Abstract
Introduction: The different degrees of adiponectin/insulin sensitivity and dysfunctional adipose tissue lead to the development of hypertension (HT). This study aimed to determine adiponectin (AD) concentration in patients with metabolic syndrome (MetS) and high-normal blood pressure or hypertension and to investigate the importance of Homeostatic Model Assessment-AD (HOMA-AD) index in assessing adiponectin/insulin resistance in hypertension.
Methods: This cross-sectional study involved 150 subjects divided into two groups: with MetS (and high-normal blood pressure, n =50; and HT, n =50), and controls without MetS (n =50). In all subjects, serum adiponectin concentration was measured by enzyme-linked immunosorbent assay method. Homeostatic Model Assessment for Insulin Resistance (HOMA-IR) and HOMA-AD index were calculated.
Results: The results showed that, compared to the control group, serum AD concentrations were significantly lower in patients with MetS and high-normal blood pressure (p =0.008), and the lowest in group MetS and HT (p =0.001). High AD levels and low HOMA-AD were significantly associated with decreased blood pressure values. In patients with MetS, the value of HOMA-AD≥1.13 was associated with a higher risk of developing high-normal blood pressure. Furthermore, the value of HOMA-AD≥2.63 was associated with a higher risk of developing hypertension.
Conclusions: Hypoadiponectinemia is associated with hypertension, especially in the early stages of the disease. The serum AD levels and HOMA-AD index may be useful markers for identifying patients at risk for high-normal blood pressure and hypertension. HIPPOKRATIA 2020, 24(1): 3-7.
Keywords: Homeostatic Model Assessment-adiponectin, HOMA-AD index, adiponectin resistance, blood pressure, biochemical marker
Introduction
Hypertension (HT) is associated with significant differences in adipose tissue metabolism, with an increase in total and central obesity and a higher risk of cardiovascular events.

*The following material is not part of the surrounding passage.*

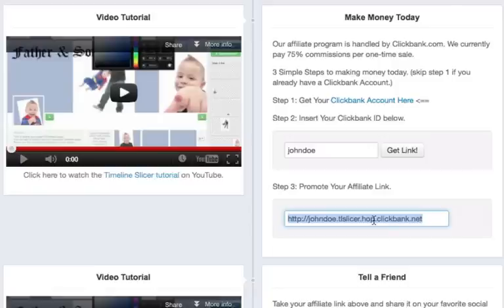Now you can share this link anywhere — you can email your friends about it, post it on your Facebook or Twitter, or anywhere you'd like. And if you are an experienced marketer, then obviously you already know what to do there.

Early diagnosis of high blood pressure (BP) is a crucial factor for the prevention of cardiovascular events. Nowadays, the prevalence of metabolic syndrome (MetS) is reaching global pandemic proportion1. Adipose tissue is also able to secrete a hormone with a particularly anti-inflammatory, anti-atherogenic, antidiabetic properties called adiponectin (AD)2. AD is involved in the regulation of insulin sensitivity, glucose metabolism via the AdipoR1/R2 receptors promoting fatty-acid oxidation, glucose uptake, and increasing nitrogen monoxide (NO) concentration3. Its concentration is one of the most abundant compared to various hormones and cytokines, including leptin, insulin, and interleukins. Circulating AD concentration is controlled by genetic factors (46 %) and remains relatively constant4. The magnitude of the day/night variation in high-molecular-weight (HMW) AD is according to changes in insulin sensitivity. However, the underlying mechanisms are not well understood.
Etiopathophysiology association between levels of AD and HT in MetS is very complex, including many biological mechanisms: increased insulin, AD and leptin resistance, stimulation of the sympathetic nervous system, as well as the rennin-angiotensin system, low-grade chronic inflammation in adipose and vascular tissue.
During the past years, several studies have described an inverse relationship between AD and HT5,6. Still, none of these studies evaluated the clinical significance and influence of insulin/adiponectin resistance parameters, AD and Homeostatic Model Assessment-AD (HOMA-AD), on BP’s values in patients with MetS.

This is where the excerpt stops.